Change is calculated as mean minus baseline mean except for the ‘Previous 10–12 months’ rows where change is calculated as baseline minus the mean for the 10–12 months before starting ETI.
p-values were calculated using paired t-test for ppFEV1, BMI and BMI z-score, and McNemar's test for exacerbations. All p-values and were corrected using the Benjamini-Hochberg method.
BMI
In adult pwCF, BMI increased significantly from a mean of 21.2 kg/m2 from one quarter prior to ETI to 22.8 kg/m2 after one year of treatment (Fig. 3A, Table 2). Results were consistent in subgroups with and without previous CFTR modulator therapy (Table 2), and after analysing only individuals with BMI values in all four quarters (Table S2, Figure S4). The proportion of underweight individuals decreased during ETI therapy, while the proportion of overweight or obese individuals increased (Fig. 3A). There was almost no difference in the change in BMI from baseline to 12 months between males (mean 1.35 kg/m2) and females (mean 1.34 kg/m2); between-group difference 0.01 (95% confidence interval −0.15, 0.18; p = 0.87) (Figure S5). A total of 2313 pwCF provided information on supplemental feeding both before and after ETI therapy initiation. Prior to starting ETI therapy, 693/2313 (30.0%) pwCF indicated the use of supplemental feeding, and 559/2313 (24.2%) reported use of supplemental feeding after one year of ETI therapy (Table S3).
BMI z-score
In adolescent pwCF, the BMI z-score increased significantly from one quarter prior to 1 year after ETI therapy initiation (Fig. 3B, Table 2).
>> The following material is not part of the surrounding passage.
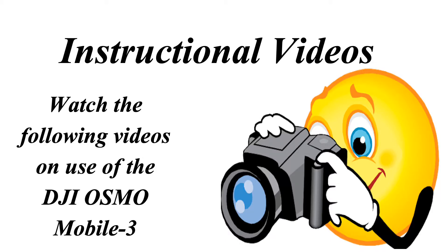There are two instructional videos for you to watch on the use of the DJI Osmo Mobile 3. Watch those and then you can answer the questions that follow.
Again, findings were consistent when only those with BMI z-score values available in all four quarters before and after ETI therapy initiation were analysed (Table S2, Figure S6). As for adults, the proportion of underweight adolescent individuals decreased during ETI therapy, while the proportion of overweight or obese individuals increased (Fig. 3B). There was very little difference in mean BMI z-score between males (0.36) and females (0.32); between-group difference 0.04 (95% confidence interval −0.08, 0.15; (p = 0.52) (Figure S7).
Sweat chloride
Overall, mean sweat chloride concentration decreased from 97.0 ± 20.4 mmol/L in the year prior to ETI start to 46.1 ± 20.4 mmol/L within one year of treatment with ETI (change of −50.9 mmol/L; 95% confidence interval −52.6, −49.3); p < 0.0001); reductions were similar in the subgroups with or without prior CFTR modulator therapy (Figure S8). Reductions in sweat chloride concentration were greater in females (from 95.2 to 40.9 mmol/L) than in males (from 98.7 to 50.8 mmol/L); change of −54.3 vs. −47.9 mmol/L, respectively; p < 0.0001) (Figure S9).
Exacerbations
There were 2262 exacerbations in the year before starting ETI and 546 exacerbations in the year after therapy initiation (−75.9%; p ≤ 0.0001) (Fig. 4); the reduction in the number of pwCF with exacerbations was slightly smaller in the subgroup with examinations in both the year before and the year after therapy (−62.2%) (Figure S10). Details of the number of pwCF who experienced exacerbations in each quarter of the years before and after the initiation of ETI therapy are shown in Figure S11. In addition, the proportion of pwCF without an exacerbation increased in the year after ETI therapy, while the proportion with ≥4 exacerbations decreased (Fig. 4).
Discussion
The findings of this real-world study showed statistically significant improvements in clinical outcomes 12 months after initiation of ETI, including improved ppFEV1, increased BMI, decreased sweat chloride levels, and a reduction in the number of pulmonary exacerbations. These changes in lung function, nutritional status, pulmonary exacerbation frequency and sweat chloride concentrations were consistent with data from randomised clinical trials of ETI in pwCF.7, 8, 9, 10, 11,14 This comparability between data from clinical trials and that obtained in the current real-world data analysis from the German CF registry affirms the quality of the data acquired from the German CF registry and reinforces the value of real-world evidence.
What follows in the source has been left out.